As the illness wore off, Cuong was keen to find business partners and spent a lot of time talking to customers to find their needs.
Though many local artists specialized in making erhu, most customers preferred Chinese products. Realizing this, Cuong bought 10 erhus from various places in China for more than VND20 million ($862) to study their composition.
It turned out the instruments were made using seven or eight layers of wood, and they produced good sounds but flaked quickly while their prices were no cheaper than that of Vietnamese products.
He later chose solid wood with the same thickness as the Chinese ones to ensure good sounds. His erhu was well received because of its durability, sturdiness and low price. In just one year the number of his customers has tripled and he also sells other products.
Cuong also studies other instruments to improve his design. He says: “Although this method might be expensive I consider it tuition. I can’t become better on my own.”
With the erhu, he used to ruin hundreds of pieces of varanus skin and python skin. Stretched over the sound diffuser of the erhu, the skin sagged within a month and needed to be replaced. He later learned to stretch the skin in proper weather, which is neither too wet nor too dry. It was only after this problem was overcome that his products became profitable.
A unique feature of his instruments is that many of them are engraved with patterns that are distinctly different from products made by most craftsmen in Vietnam.
Cuong checks his instruments carefully before handing them over to customers. Photo by VnExpress/Trong Nghia.
“Buying an instrument is [tantamount to] buying music, so the sound must be perfect in order to sell.”
Cuong’s wife, Nguyen Thi Nga, 34, says: “He often stays up all night to search for beautiful sounds. My sleep was often disturbed by the sound of my husband playing instruments. I slowly got used to it”.
Six years after returning to the profession, he has a workshop measuring hundreds of square meters and is trusted by many artists.
He personally delivers his products to retail customers even if they live hundreds of kilometers away. His products are sold in more than 10 shops in Hanoi.
Cuong invested in a modern sound system so that online customers can feel the sounds. Photo by VnExpress/Trong Nghia.

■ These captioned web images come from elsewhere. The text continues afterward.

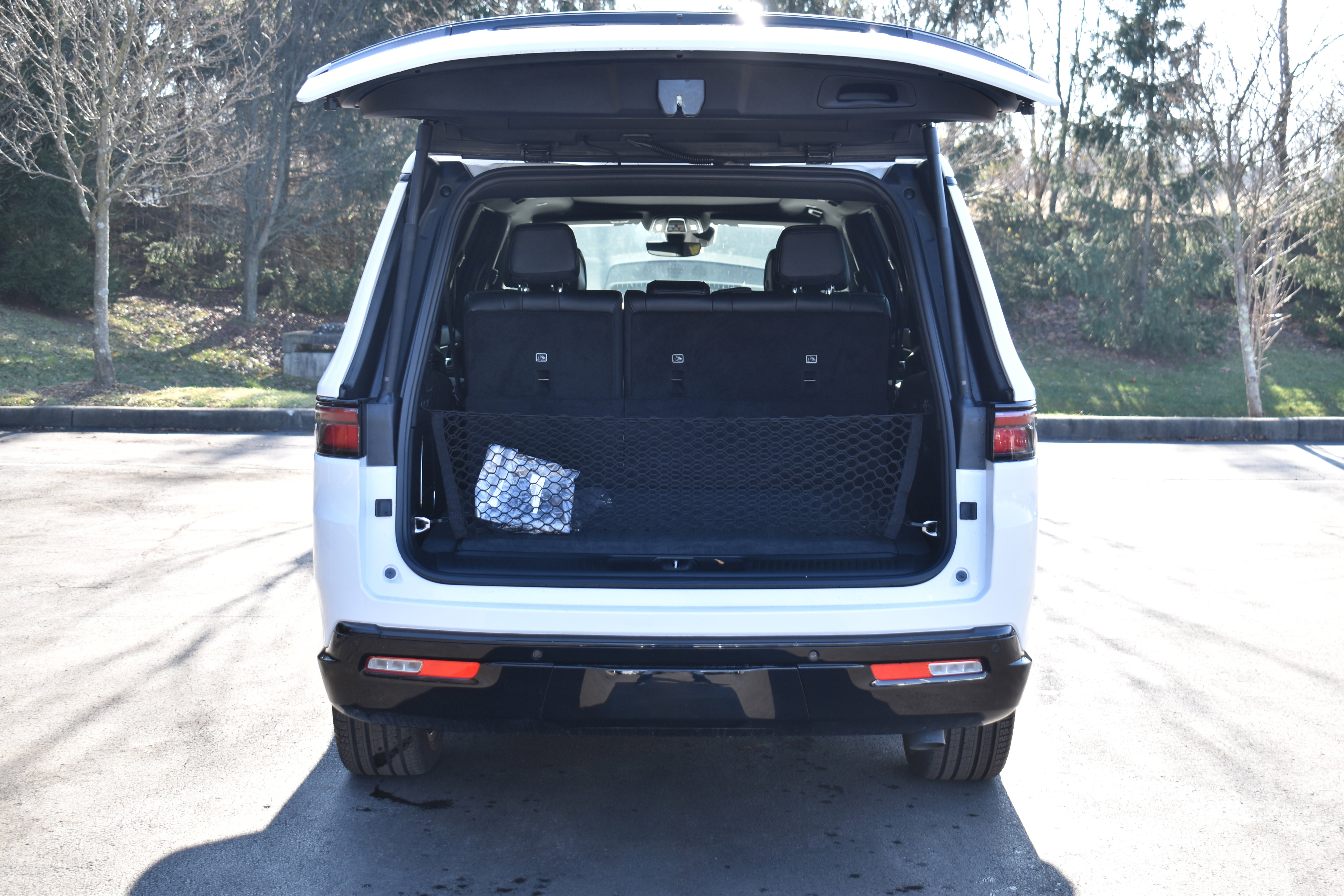 Used 2025 Jeep Wagoneer L Series II w/ Premium Group I image 25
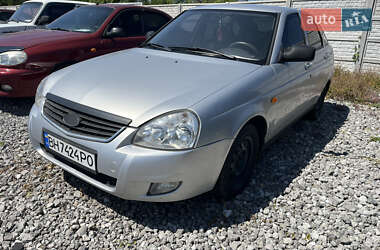 Седан ВАЗ 2170 Priora 2008 в Кривом Роге
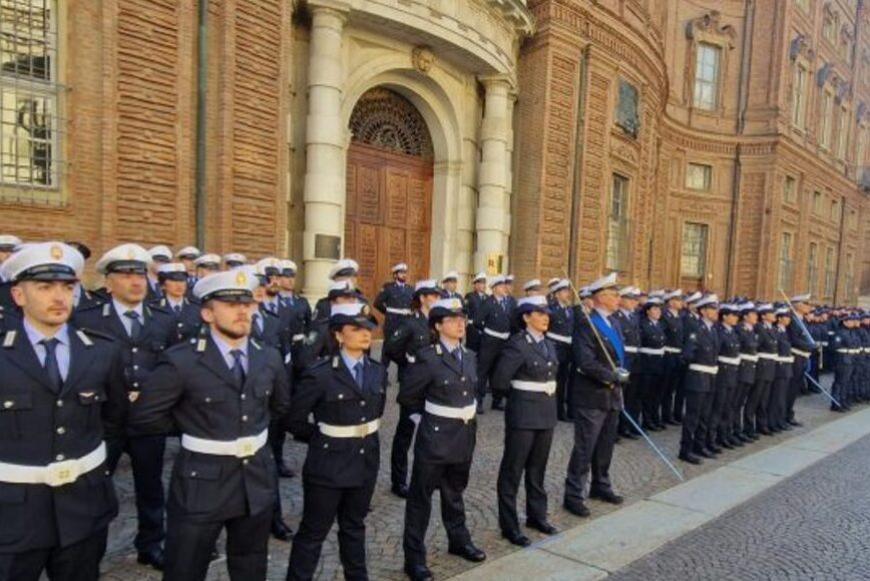Polizia locale di Torino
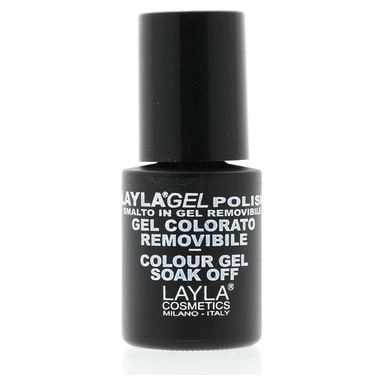 Layla Lac de Unghii Gel Polish n. 176, Bax 3 buc.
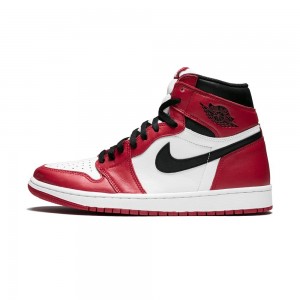 Nike Jordan Air Jordan 1 Retro High OG "Chicago" 555088-101 Rosii | 03FWDQMLU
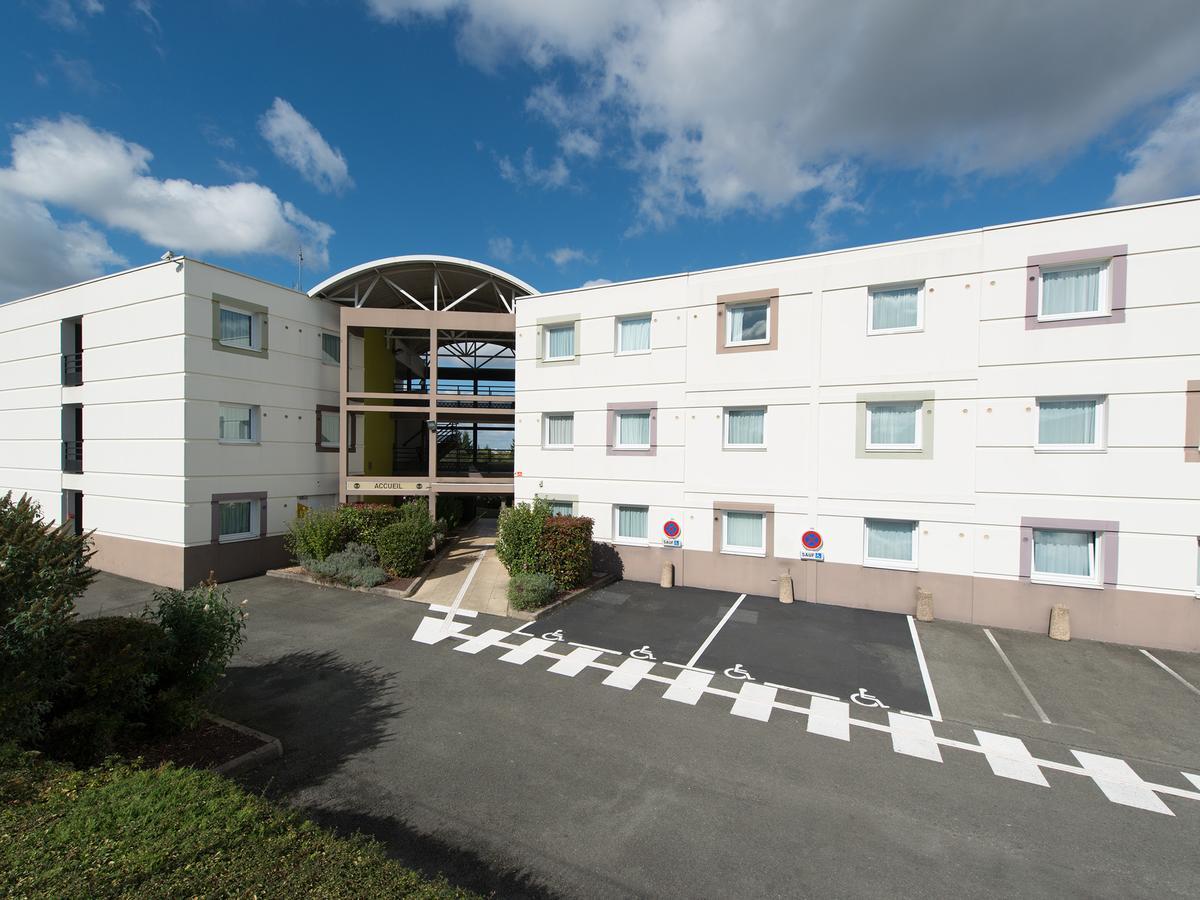 B&B Hotel Blois Sud Vineuil Экстерьер фото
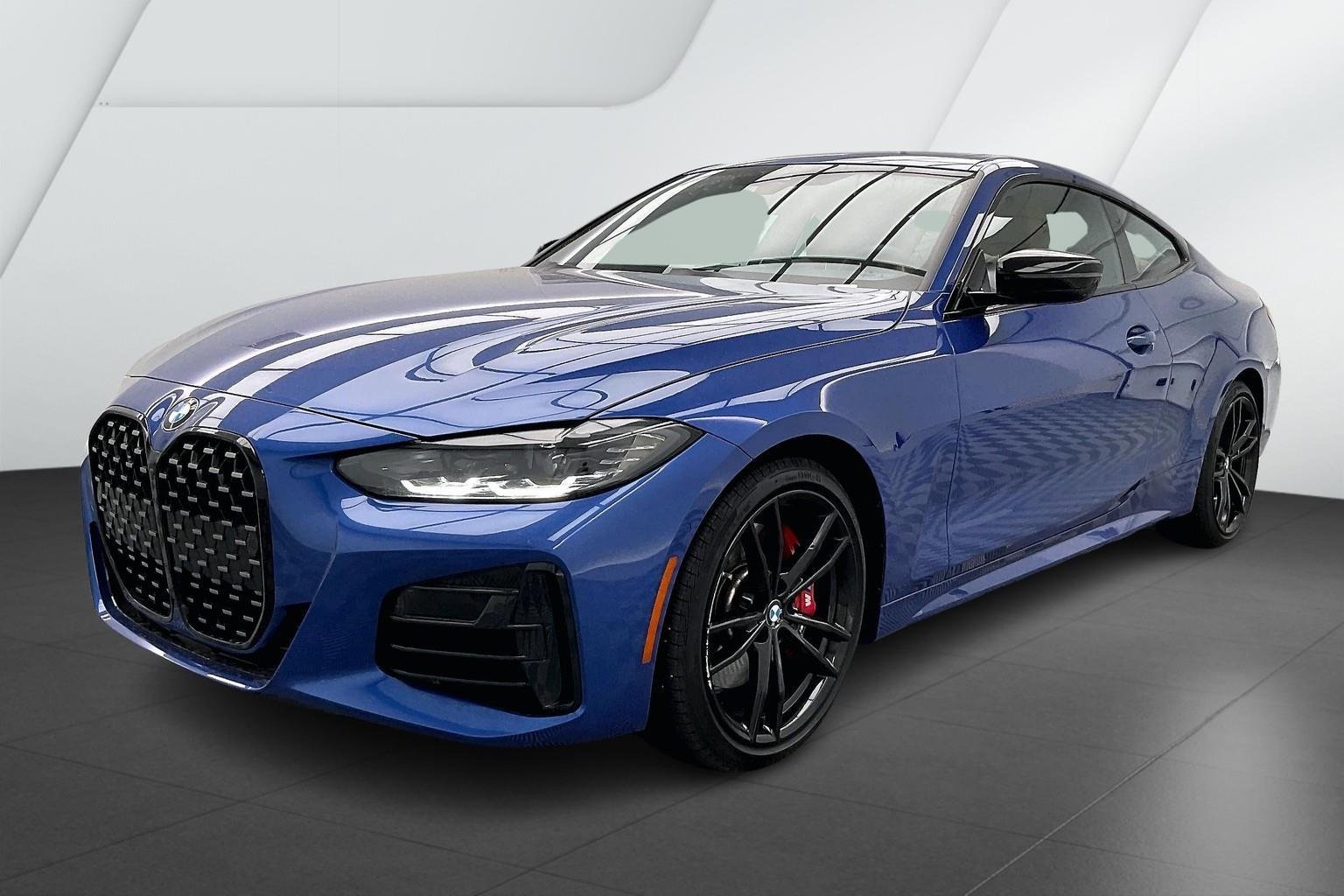 2024 BMW 4 Series M440i xDrive Coupe's photo
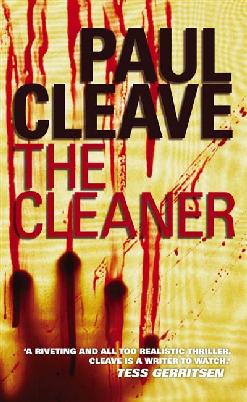 The Cleaner [Book]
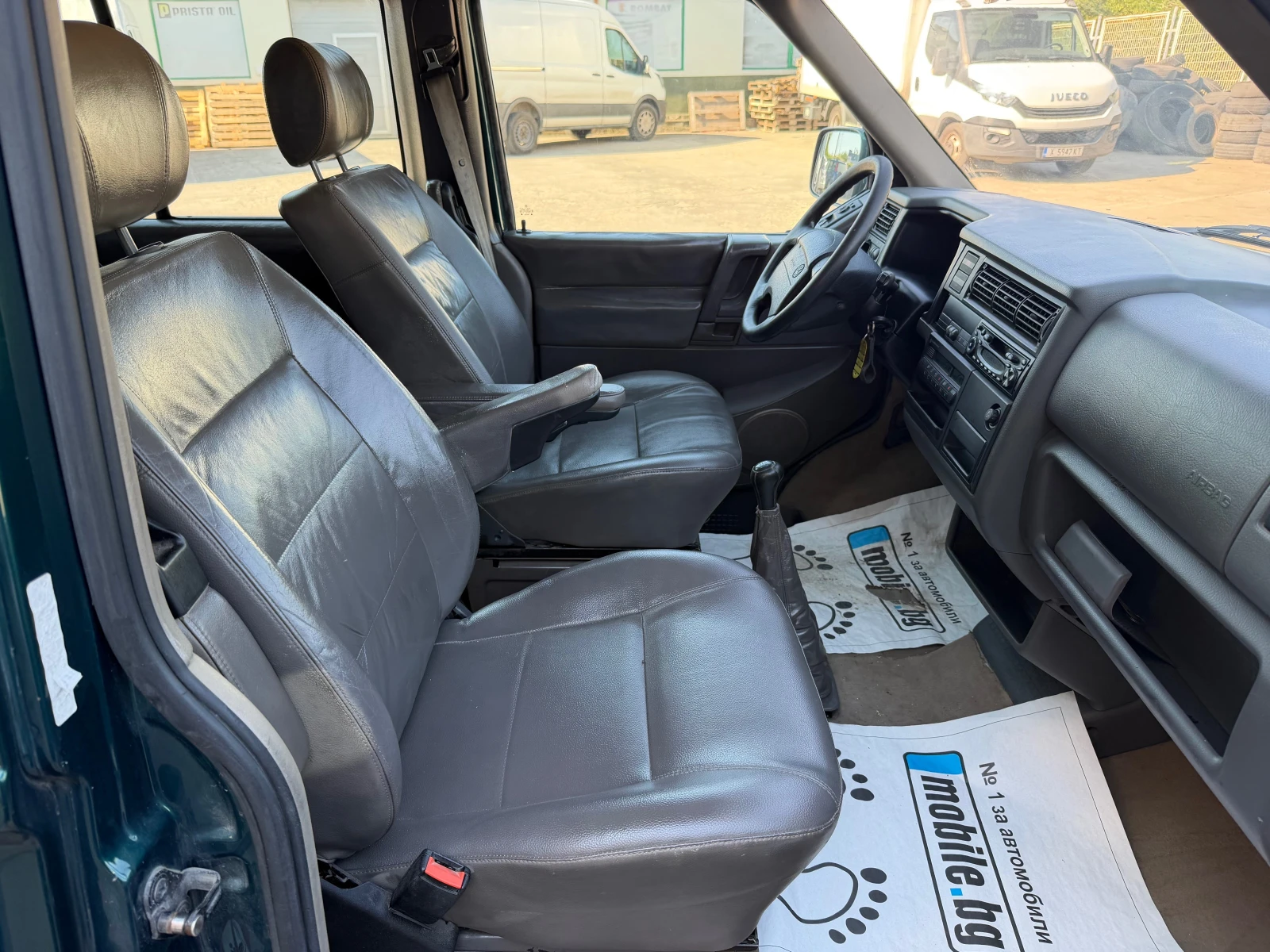 VW T4 2.5TDI-102k.s-�����-�������� | Mobile.bg � ����������� 9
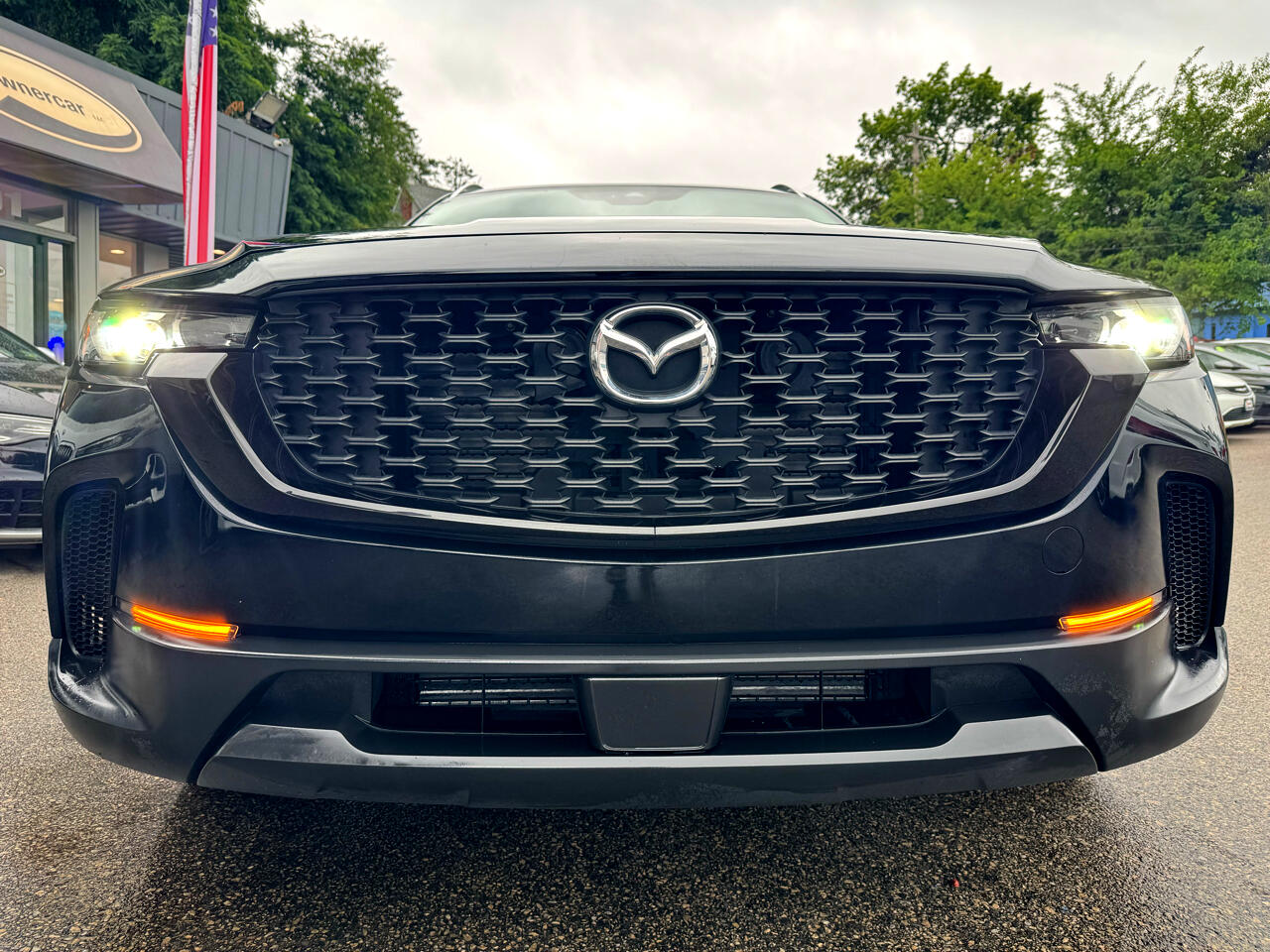 2023 Mazda CX-50 2.5 S Preferred Plus Package Image 2 of 58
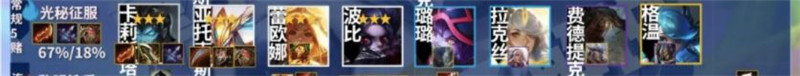金鏟鏟之戰(zhàn)陣容推薦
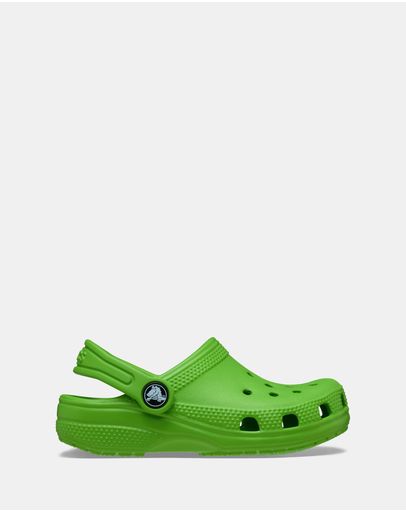 Crocs Green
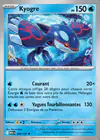 Carte Kyogre 034/132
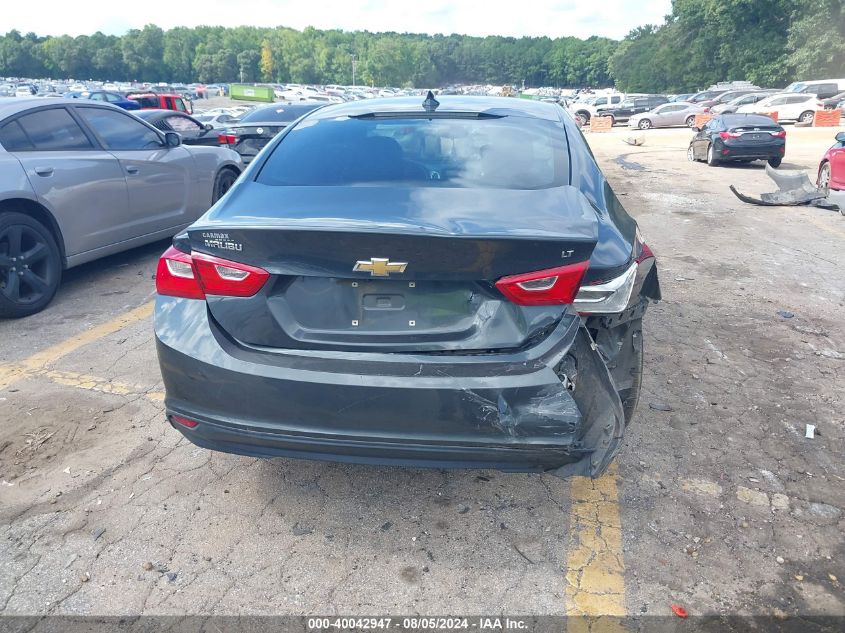 2016 Chevrolet Malibu 1Lt VIN: 1G1ZE5ST9GF352300 Lot: 40042947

Every day after finishing work Cuong spends around 10 minutes playing his instruments on live stream for customers. Every time he gets on “stage”, he attracts hundreds of followers. After two years of promoting his instruments in this manner, his revenues have increased significantly.
This year he plans to expand production and train more workers to preserve the traditional craft in his village.
“I have seen customers who traveled hundreds of kilometers to buy his instrument,” Tua, the commune chairman, says. “He not only creates jobs for dozens of locals but also helps preserve Dao Xa village’s craft village status.”